Perayaan—yang umumnya dikhidmat-khidmatkan—dilaksanakan bila 17 Agustus jatuh
pada Ramadhan. Seiring dengan itu, pidato para pejabat khususnya juga bersifat
lebih religius. Perayaan 17 Agustusan pun juga lebih sopan dan bernuansakan
islami. Mitologisasi juga terlihat dari adanya sejumlah kota/daerah di
Nusantara ini yang mencarikan hari lahirnya dengan cara mengait-ngaitkan
kelahirannya dengan peristiwa historis yang terjadi pada saat bulan Ramadhan
yang bersamaan waktunya dengan bulan Agustus.

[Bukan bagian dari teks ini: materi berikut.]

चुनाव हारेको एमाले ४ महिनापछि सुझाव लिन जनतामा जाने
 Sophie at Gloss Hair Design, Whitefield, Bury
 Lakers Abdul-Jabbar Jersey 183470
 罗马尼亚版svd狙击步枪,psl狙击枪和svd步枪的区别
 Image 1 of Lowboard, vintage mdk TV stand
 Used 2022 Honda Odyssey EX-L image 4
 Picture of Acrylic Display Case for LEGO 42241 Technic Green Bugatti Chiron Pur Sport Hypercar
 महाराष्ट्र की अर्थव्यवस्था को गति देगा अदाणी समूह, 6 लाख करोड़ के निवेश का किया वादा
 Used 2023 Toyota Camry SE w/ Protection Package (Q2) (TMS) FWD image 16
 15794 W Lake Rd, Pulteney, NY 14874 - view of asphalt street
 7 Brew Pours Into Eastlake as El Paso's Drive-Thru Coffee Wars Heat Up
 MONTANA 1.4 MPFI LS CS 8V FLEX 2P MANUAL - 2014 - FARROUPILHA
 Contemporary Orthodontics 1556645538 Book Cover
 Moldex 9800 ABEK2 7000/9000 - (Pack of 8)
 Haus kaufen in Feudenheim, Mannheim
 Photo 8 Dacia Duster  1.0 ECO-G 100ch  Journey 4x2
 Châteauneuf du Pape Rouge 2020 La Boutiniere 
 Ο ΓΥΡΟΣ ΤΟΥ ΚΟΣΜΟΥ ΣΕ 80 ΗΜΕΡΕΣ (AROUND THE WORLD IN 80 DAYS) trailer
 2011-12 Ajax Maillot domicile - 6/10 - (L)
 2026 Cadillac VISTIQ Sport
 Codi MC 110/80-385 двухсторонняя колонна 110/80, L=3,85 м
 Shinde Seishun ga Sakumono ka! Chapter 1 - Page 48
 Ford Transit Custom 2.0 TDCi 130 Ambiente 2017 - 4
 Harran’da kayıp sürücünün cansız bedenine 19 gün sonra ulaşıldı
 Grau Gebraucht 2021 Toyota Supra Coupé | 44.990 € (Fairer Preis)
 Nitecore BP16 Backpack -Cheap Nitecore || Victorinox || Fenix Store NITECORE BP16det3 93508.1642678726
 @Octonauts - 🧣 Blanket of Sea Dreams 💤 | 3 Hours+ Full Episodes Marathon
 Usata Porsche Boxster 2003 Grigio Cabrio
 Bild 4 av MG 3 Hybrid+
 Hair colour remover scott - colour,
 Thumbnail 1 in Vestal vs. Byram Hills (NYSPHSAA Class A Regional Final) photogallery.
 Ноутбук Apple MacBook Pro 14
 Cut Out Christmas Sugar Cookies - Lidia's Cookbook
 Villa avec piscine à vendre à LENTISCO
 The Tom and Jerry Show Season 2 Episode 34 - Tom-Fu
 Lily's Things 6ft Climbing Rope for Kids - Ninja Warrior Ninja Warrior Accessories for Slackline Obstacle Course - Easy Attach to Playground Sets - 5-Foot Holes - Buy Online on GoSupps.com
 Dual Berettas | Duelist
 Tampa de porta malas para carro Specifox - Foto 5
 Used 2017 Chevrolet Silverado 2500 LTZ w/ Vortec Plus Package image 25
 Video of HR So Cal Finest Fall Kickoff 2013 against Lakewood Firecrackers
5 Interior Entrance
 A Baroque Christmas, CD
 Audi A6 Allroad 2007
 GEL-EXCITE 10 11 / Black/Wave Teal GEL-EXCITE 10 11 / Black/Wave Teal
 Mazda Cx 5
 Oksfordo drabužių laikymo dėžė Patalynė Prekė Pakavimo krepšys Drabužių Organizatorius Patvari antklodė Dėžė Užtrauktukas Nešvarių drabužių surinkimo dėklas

Secara historis, mitologisasi
kemerdekaan dalam hubungan antara Ramadhan dengan Agustus mulai dikemukakan
tahun 1946, tepatnya pada saat Indonesia
merayakan hari kemerdekaannya yang pertama. Pada saat itu, secara kebetulan
atau tidak, berbagai pidato petinggi negara, mulai dari Presiden Soekarno, para
gubernur, residen, bupati, wedana, camat, dan kepala desa, serta tidak
terkecuali para pemimpin formal atau infomal mengaitkan spirit kemerdekaan
rohani/jiwa yang diperoleh melalui puasa Ramadhan dengan kemerdekaan fisik 17
Agustus 1945 yang didapat dengan perjuangan lahir dan batin menentang para
penjajah. Berbagai spanduk yang dipasang dan coretan yang dibuat saat itu juga
berisikan pernyataan yang sama. Dari berbagai sumber sejarah diketahui, bahwa
fenomena ini terjadi di hampir seluruh pelosok negeri, termasuk di
daerah-daerah yang mayoritas penduduknya non-muslim (yang tidak memahami
Ramadhan sebagai bulan puasa).
Sejak tahun 1946 hingga saat
sekarang, dalam berbagai kesempatan, terutama bila Ramadhan datang bersamaan
dengan bulan Agustus, maka mitos-mitos tersebut kembali diapungkan.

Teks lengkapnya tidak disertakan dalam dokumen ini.